Jordi Torres: Sieg beseitigte Zweifel

Von Sharleena Wirsing
Moto2
Suter-Pilot Jordi Torres feierte auf dem Sachsenring seinen ersten Sieg in der Moto2-WM. Nach der Sommerpause will er seine Leistung in Indianapolis bestätigen.

Jordi Torres aus dem Team Mapfre Aspar erzielte beim Grand Prix von Deutschland seinen ersten Triumph in der Moto2-Klasse. Er liegt mit 58 Zählern nun punktgleich mit seinem Teamkollegen Nico Terol auf Rang 8 der Meisterschaftstabelle. Beim Rennwochenende in Indianapolis, das von 16. bis 18. August stattfindet, will der Spanier seinen Aufwärtstrend fortsetzten.

Gerechnet hatte der 25-Jährige mit einem Sieg auf dem Sachsenring nicht: «Jeder Fahrer träumt natürlich davon, Rennen zu gewinnen.

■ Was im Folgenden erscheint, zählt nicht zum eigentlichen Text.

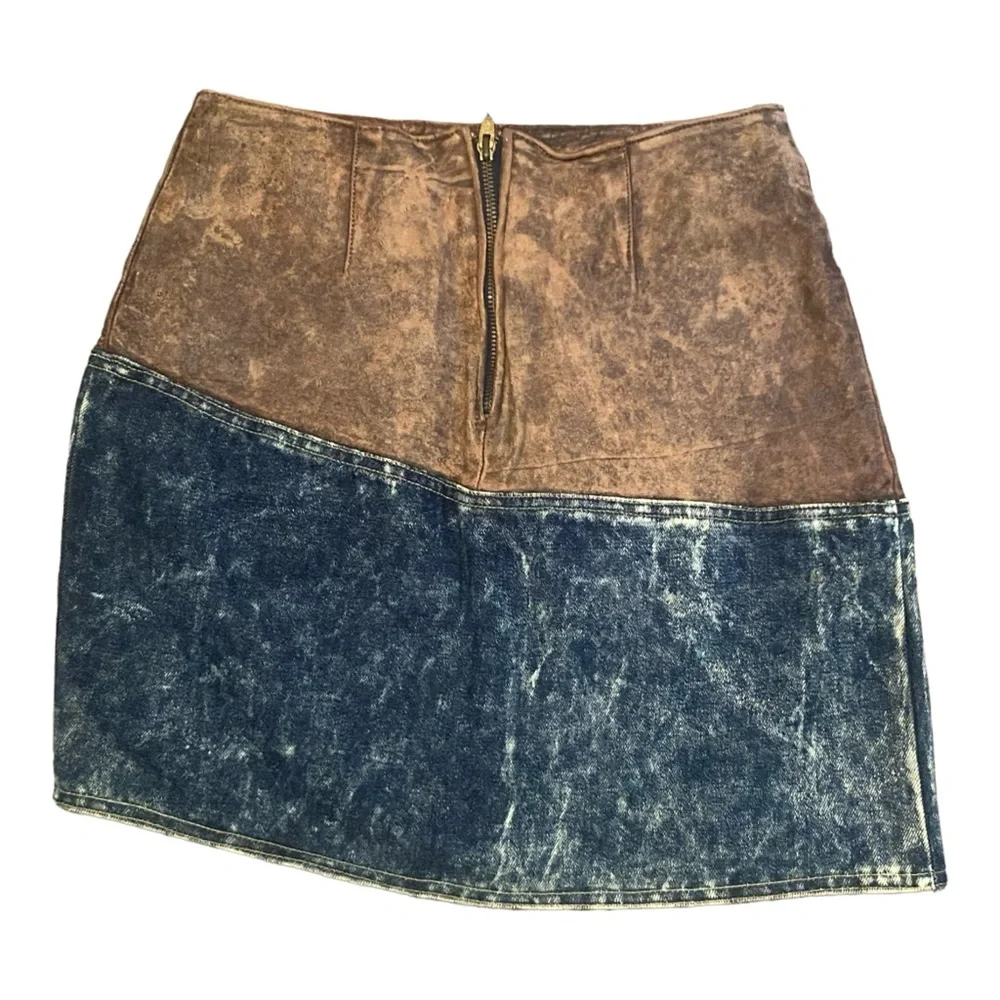 Vintage BB Dakota Genuine Leather and Acid Washed Denim Skirt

Ich bin Realist, ich wusste, dass wir uns auf dem richtigen Weg befinden, aber ich habe ehrlich gesagt nicht geglaubt, dass wir schon siegfähig sind. Vielleicht gehe ich zu streng mit mir ins Gericht. Am Sonntag habe ich erkannt, dass dies meine Chance ist. In einer so harten Kategorie wie der Moto2, muss man das Beste aus seinen Möglichkeiten machen, denn man erhält sie nicht jede Woche.»

Jordi Torres erzielte in Deutschland nicht nur sein erstes Podium in der Moto2-Klasse, sondern sammelte gleichzeitig seine ersten Führungsrunden und beendete das Rennen mit dem ersten Sieg. «Es war das erste Moto2-Rennen, das ich anführte. Diesen Erfolg haben wir erreicht, weil wir jeden Tag mehr von uns selbst fordern. Der Sieg hilft mir vielleicht über all meine Zweifel hinweg, denn nun weiß ich, dass ich von Anfang bis Ende an der Spitze fahren kann. Als ich die Ziellinie überquerte, konnte ich es kaum glauben», erinnert sich der Spanier.

Nach der Sommerpause will Torres seine Leistungskurve beibehalten. «In der ersten Saisonhälfte waren die Top-10 unser Ziel und das haben wir erreicht. Wir können mit unserer bisherigen Arbeit zufrieden sein, denn es ist meine erste vollständige Saison in der Moto2-WM. Ich kämpfe jetzt gegen Fahrer, die ich immer bewundert habe. Ich werde hart arbeiten, um diesen Traum weiterzuleben», prophezeit Torres.